-- GIVEN ENTRIES follows --

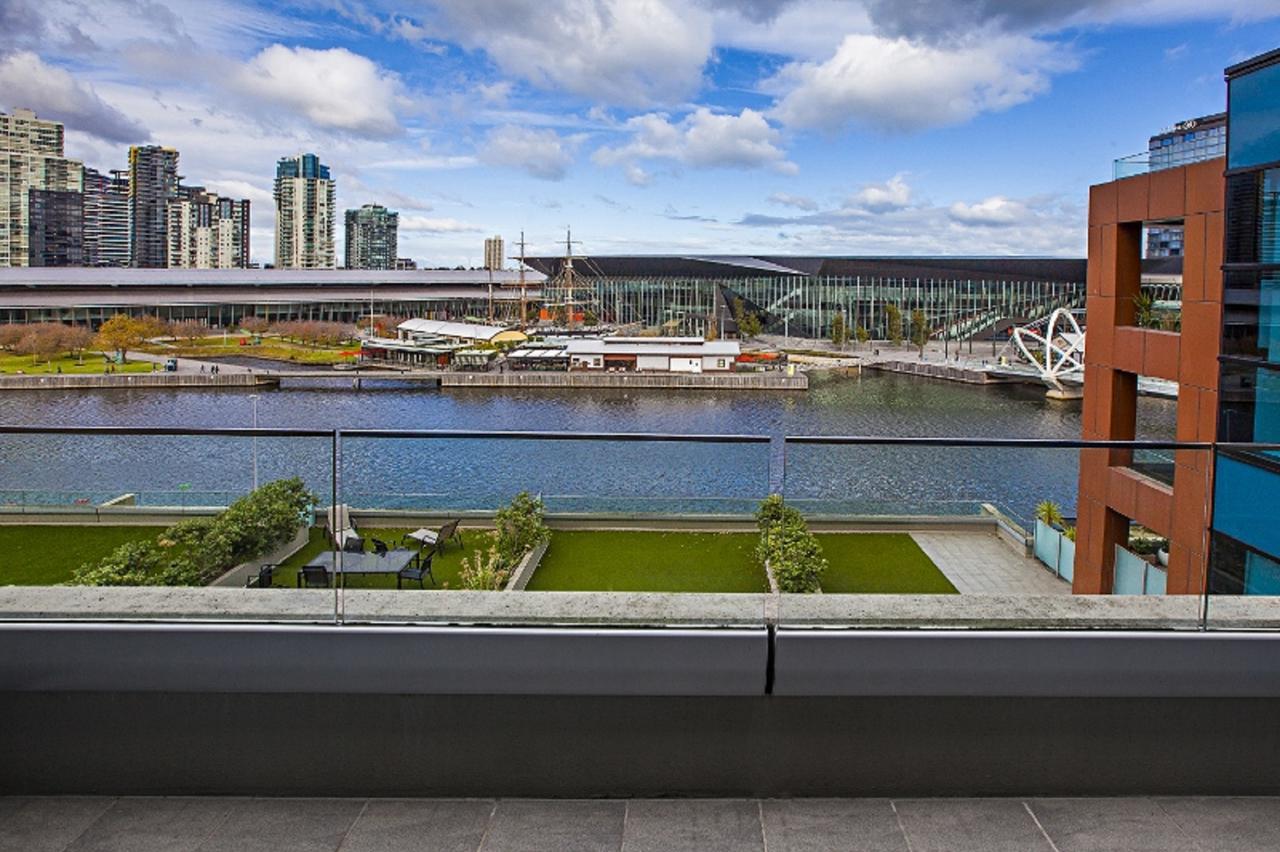 Melbourne Holiday Apartments Flinders Wharf Екстер'єр фото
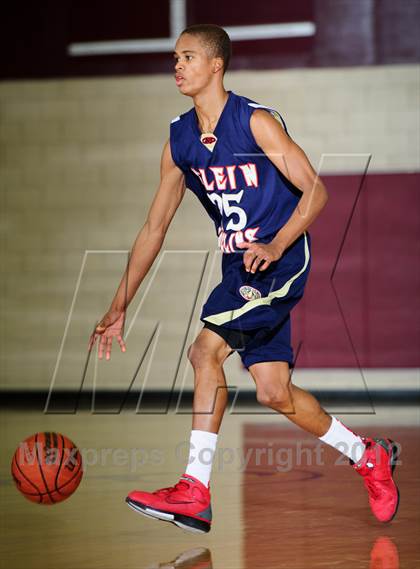 Thumbnail 3 in Copperas Cove vs Klein Collins (McDonald's Texas Invitational) photogallery.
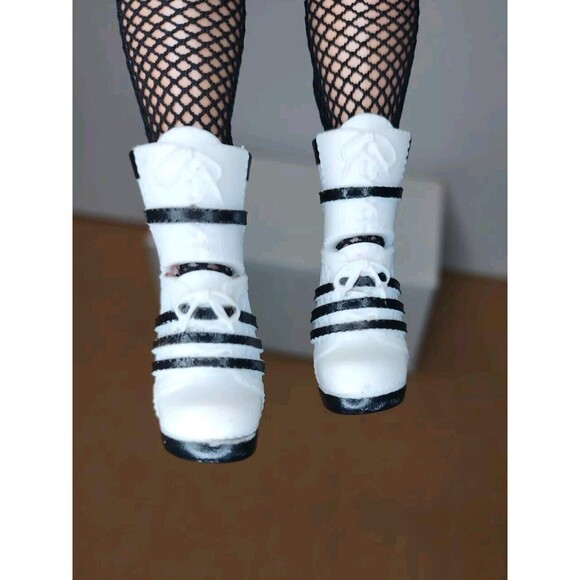 LOL Surprise OMG Remix Yellow Hair Rock Fame Queen Doll Play READ DESCRIPTION - Picture 9 of 11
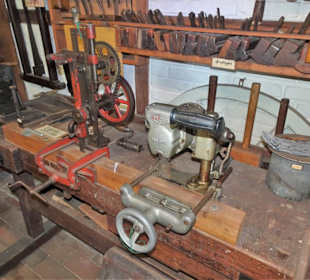 Ausstellung in der Remise der Windmühle Varel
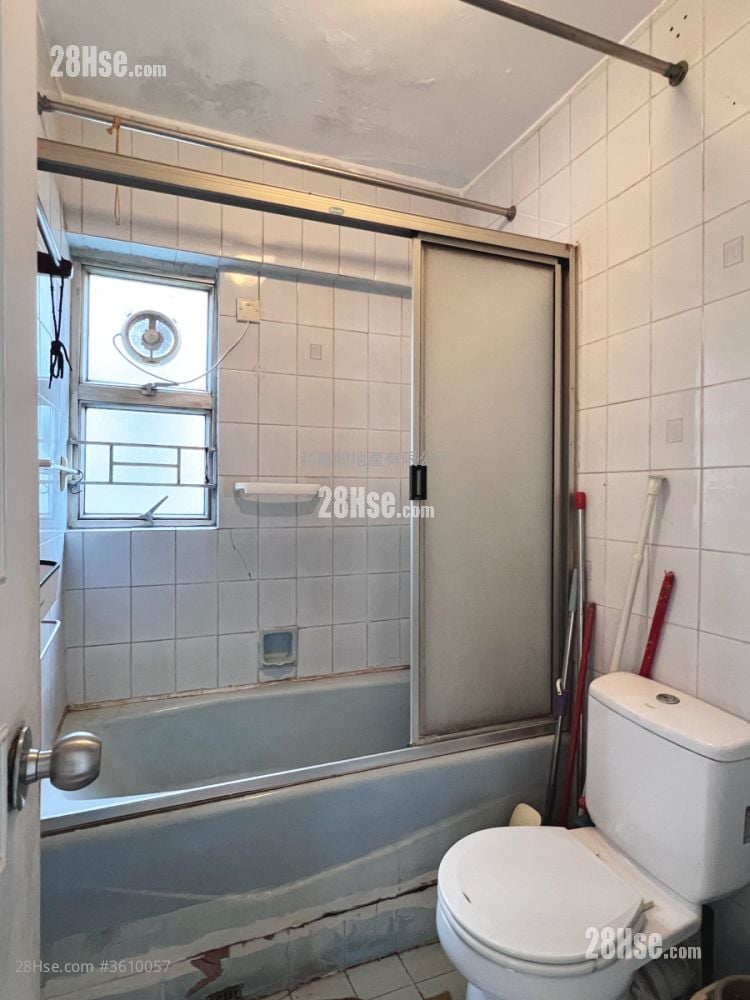 麗城花園 售盤 3 房 , 2 浴室 668 平方呎 麗城花園 售盤 3 房 , 2 浴室 668 平方呎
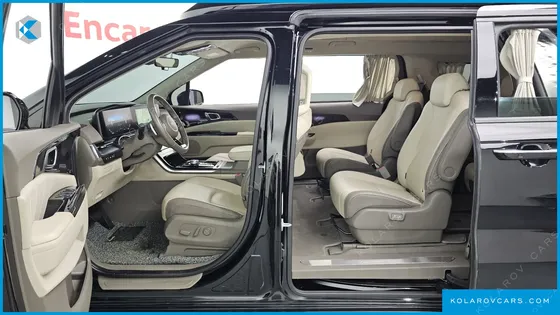 KIA CARNIVAL GASOLINE 9-SEATER HI-LIMOUSINE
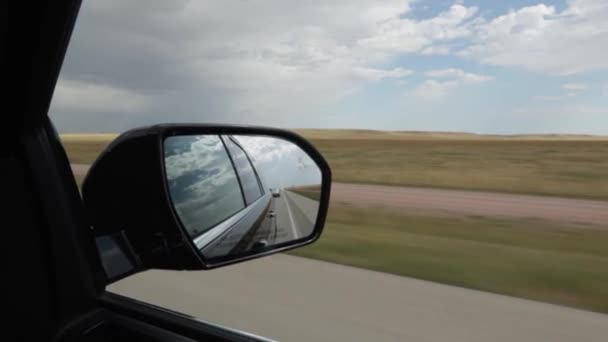 Kijkend Uit Auto Zijspiegel Het Platteland Landbouwgrond Tijdens Het Rijden — Stockvideo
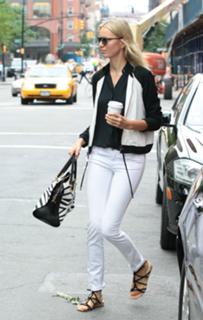 Karolina Kurkova feet photo thumbnail
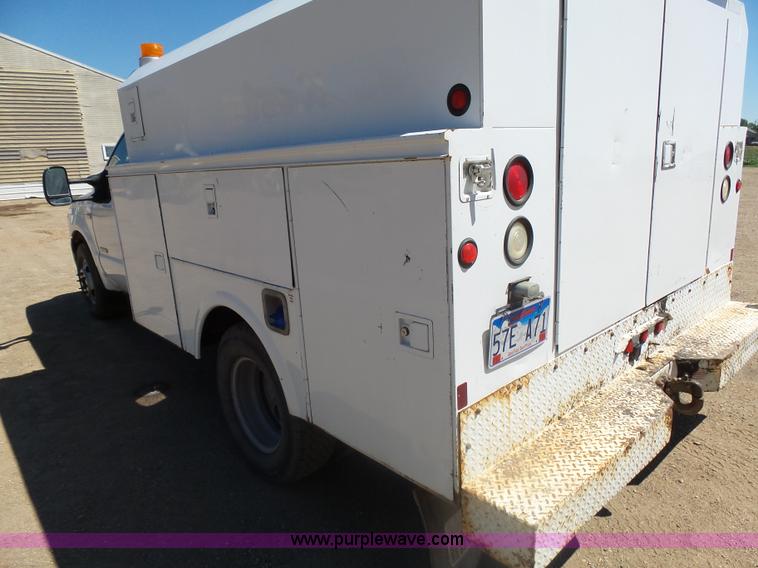 image for item AL9140 2005 Ford F350 Super Duty utility truck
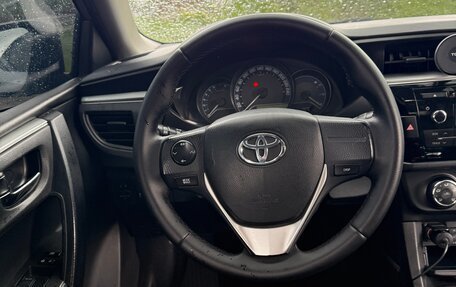 Toyota Corolla, 2014 год, 1 100 000 рублей, 30 фотография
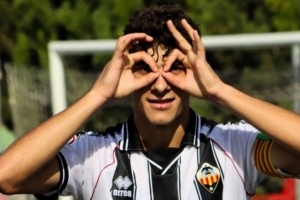 马卡：皇马签下卡斯特利翁17岁前锋圣塔马利亚，球员今夏正式加盟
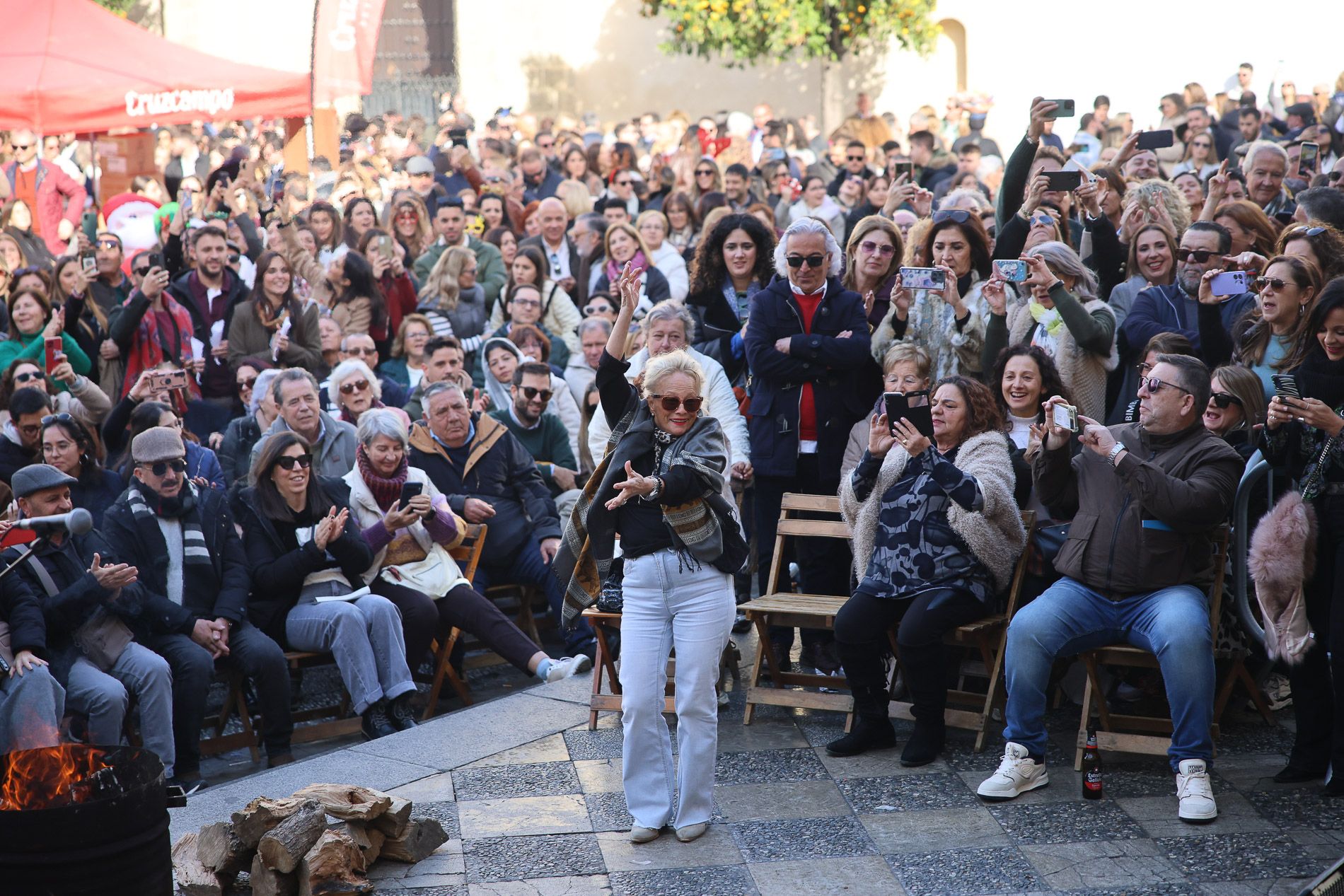  Zambombas tradicionales en Jerez como la celebrada la pasada semana en la plaza de la Asunción.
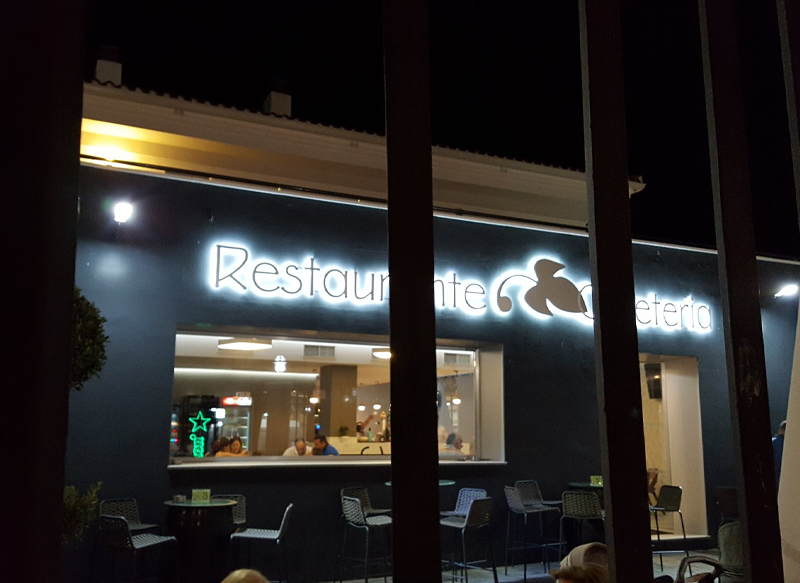 cafeteria-hotel-aljardin3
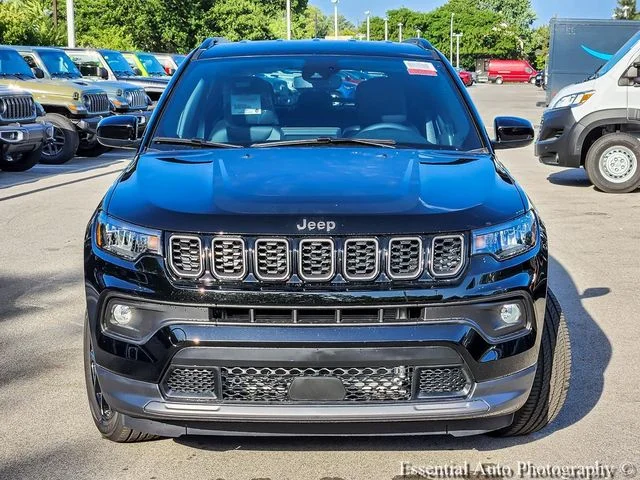 New 2026 Diamond Black Crystal Pearl-Coat Exterior Paint Jeep Latitude image 4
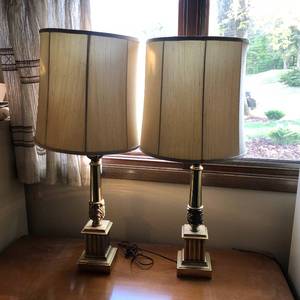 lot 390 image: Neoclassical Lamps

-- GIVEN ENTRIES concluded --

*PROBLEM REQUIREMENTS*:
Your answer must reproduce exactly the lines from the line with "New 2026 Diamond" through the end of the material, both ends included, with every picture dropped.

*PROBLEM SOLUTION*:
 New 2026 Diamond Black Crystal Pearl-Coat Exterior Paint Jeep Latitude image 4
 lot 390 image: Neoclassical Lamps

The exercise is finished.